Is Mass Higher Education Working? Evidence from the Labour Market Experiences of Recent Graduates

Article excerpt

This paper uses a variety of recent sources of information to explore the labour market experiences of chose who gained a degree in the 1980s and 1990s. Specifically, we address the issue of 'overeducation'--the view that the expansion of higher education in the 1990s created a situation in which increasing numbers of graduates were unable to access employment that required and valued graduate skills and knowledge. Two complementary approaches to this issue are adopted. We review available evidence on the graduate earnings premium and change in the UK occupational structure, and we conduct a detailed examination of the earnings and characteristics of jobs clone by a large sample of 1995 graduates seven years after graduation.
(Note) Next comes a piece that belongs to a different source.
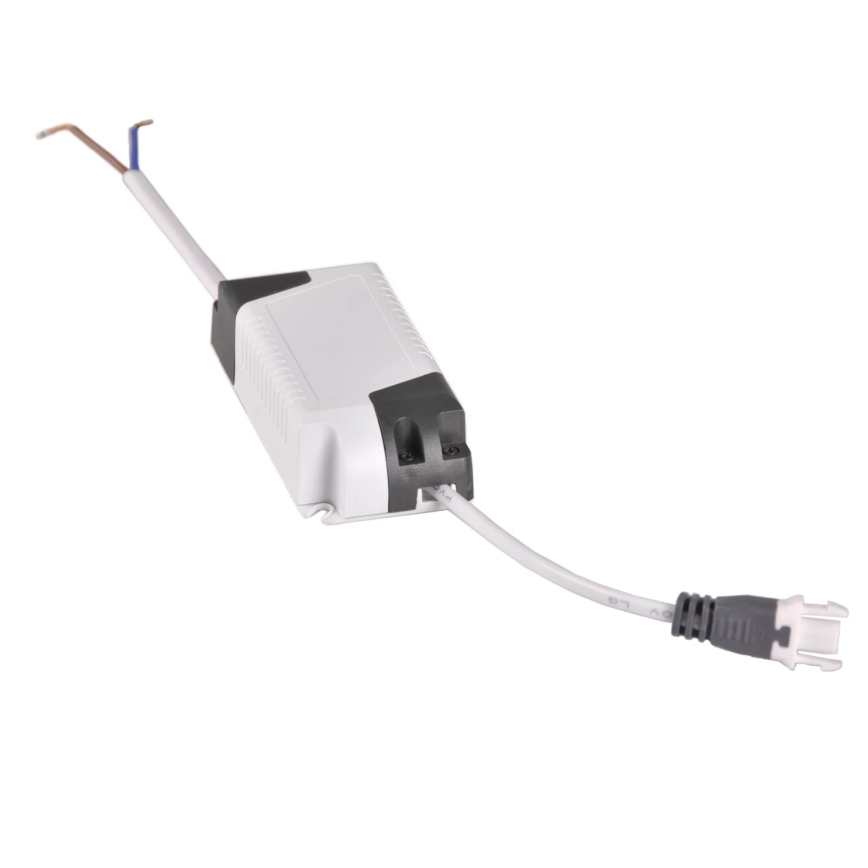 Lámpara empotrable LED RIGEL LED/14W/230V 4000K diá. 22 cm negro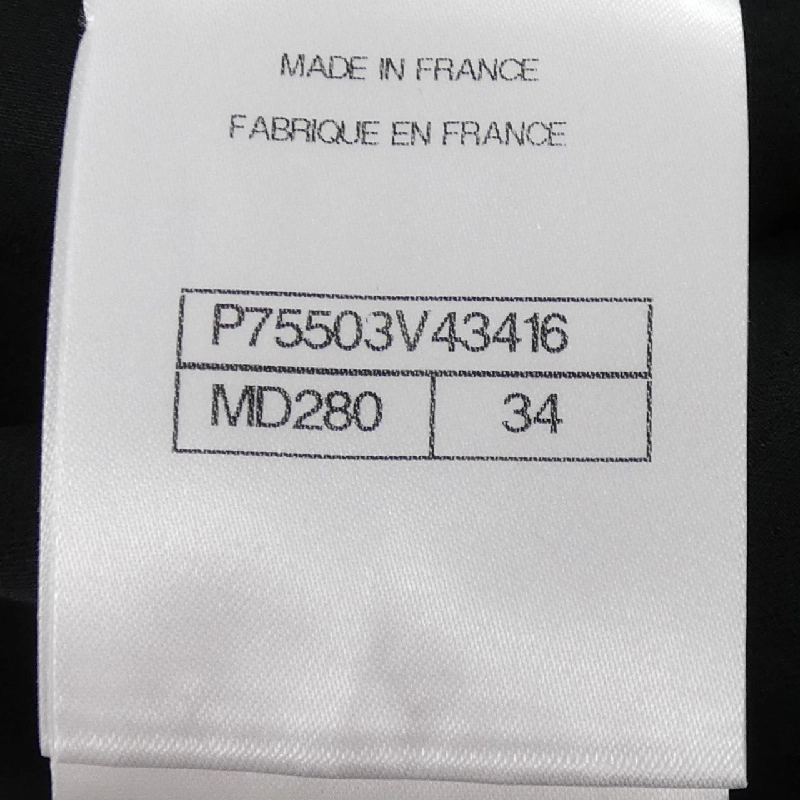 CHANEL LOOK53 P75503V43416 Váy - Hàng hiệu Chính hãng 813666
We conclude that, while there may have been a decline from the high premium enjoyed by older graduates, for those who graduated in 1995 the average premium was holding up well, despite the expansion. Although we found differences between established graduate occupations and the newer areas of graduate employment, our evidence suggests that the development of new technical and managerial specialisms and occupational restructuring within organisations has been commensurate with the availability of an increased supply of highly qualified people.

I. Introduction

The UK higher education system has undergone a major transformation over the past twenty years, from a system that catered for an elite group of entrants as recently as the early 1980s to one that now aims to provide tertiary education to half the population of 18-30 year olds. The number of participants in higher education in Great Britain almost doubled in a decade, from 1.2 million students in 1990/91 to 2.1 million in 2000/01. These changes have been facilitated by a number of institutional and economic factors, including reform of the school qualifications obtainable at age 16, expansion of capacity (particularly of degree-level courses within former polytechnics and many colleges of higher education, incorporated within the university sector in 1992), the decline in employment opportunities for minimum-age school leavers and the associated fall in relative earnings for young people (Bynner et al., 2002).
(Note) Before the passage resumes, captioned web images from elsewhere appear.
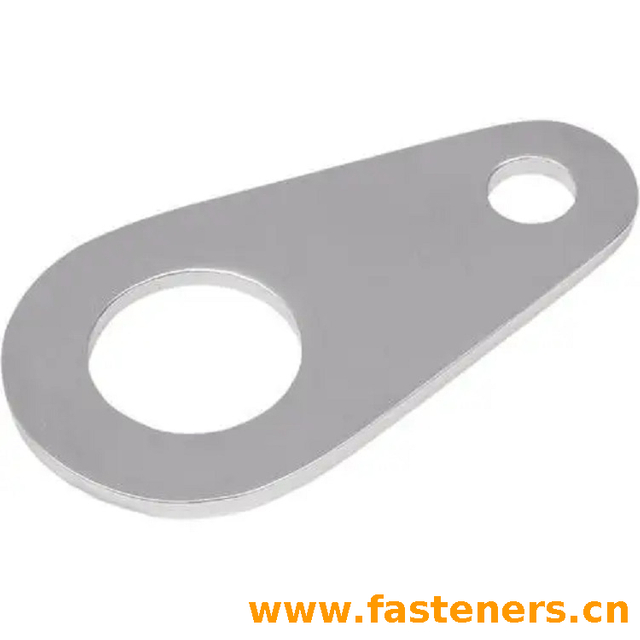 GB 961 Spacers for Self-Locking Nuts, SingleLug, Anchor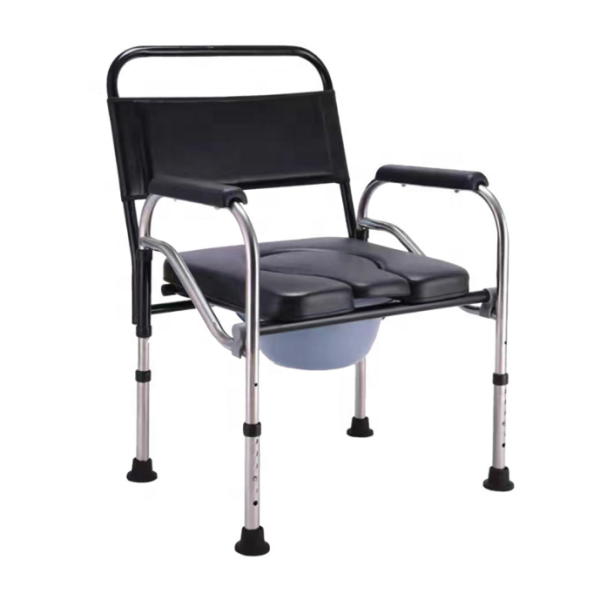 Bedpan Manufacturer - OEM Stainless Steel Adjustable Commode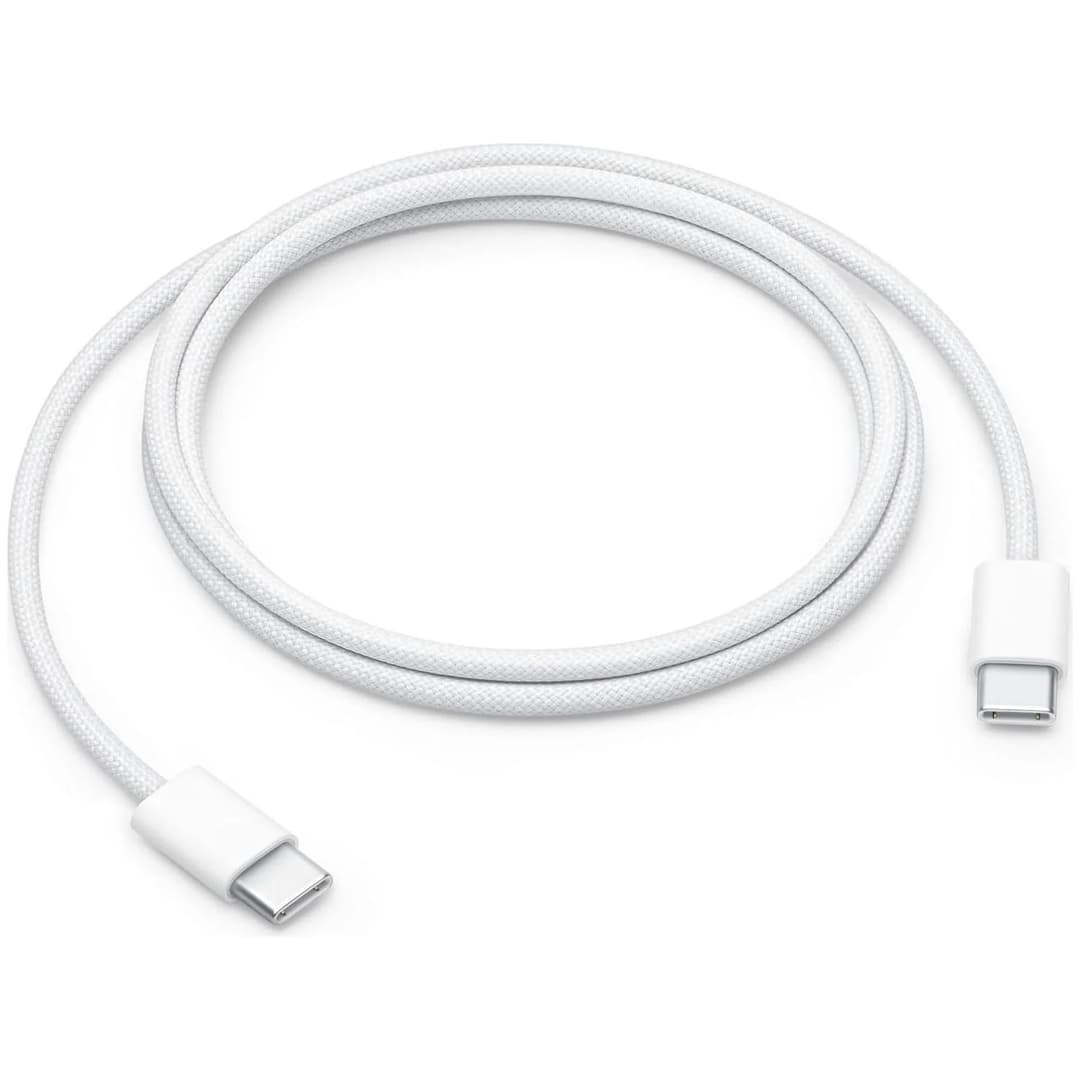 Apple USB-C Charge Cable 1m White - Image 1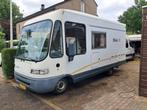 Flair Life Supercamper Fiat, Diesel, Tot en met 3, Particulier, 6 tot 7 meter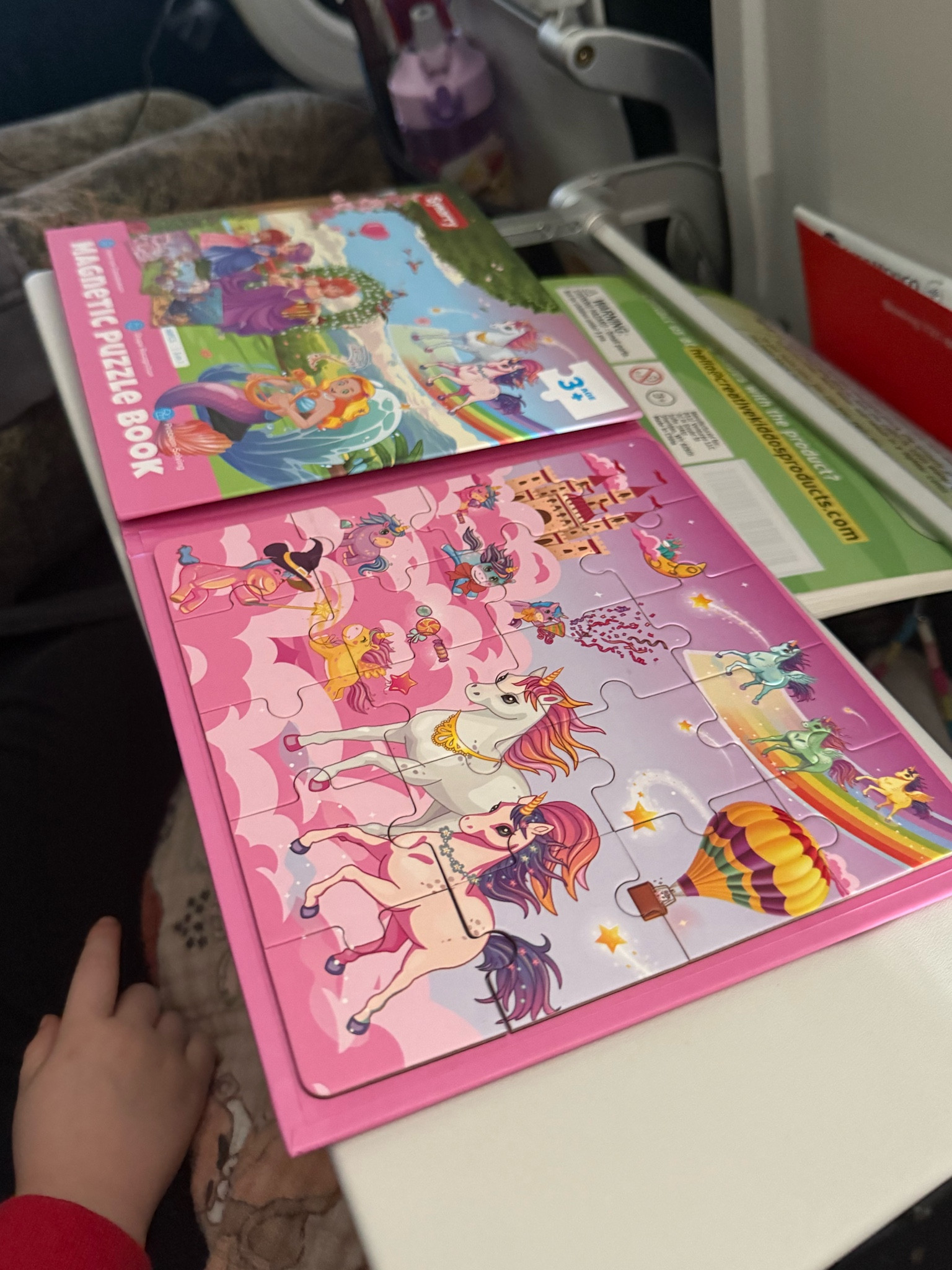 Magnetic puzzle 😍

#LTKBaby #LTKKids #LTKFamily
Given the scale of this expansion, concerns have been expressed that the increased output of highly qualified people may not have been matched by an increase in demand for their skills and qualifications (Brown and Hesketh, 2004; Brynin, 2002; Keep and Mayhew, 1996, 1999). As more young people stay in the higher education sector and gain degrees, it is argued that this leads to a lowering of the graduate earnings premium, increasing diversity in the rate of returns to higher education within the graduate population (Walker and Zhu, 2003) and an increasing number of graduates relegated to non-graduate jobs. The argument is basically one of excess supply leading to skills mismatch and declining returns to education. With a wider spectrum of the ability range drawn into higher education and as employers substitute graduates into jobs which were previously the domain of non-graduates, the value of higher education in terms of the pecuniary benefits it has traditionally afforded graduates is, it is argued, increasingly eroded.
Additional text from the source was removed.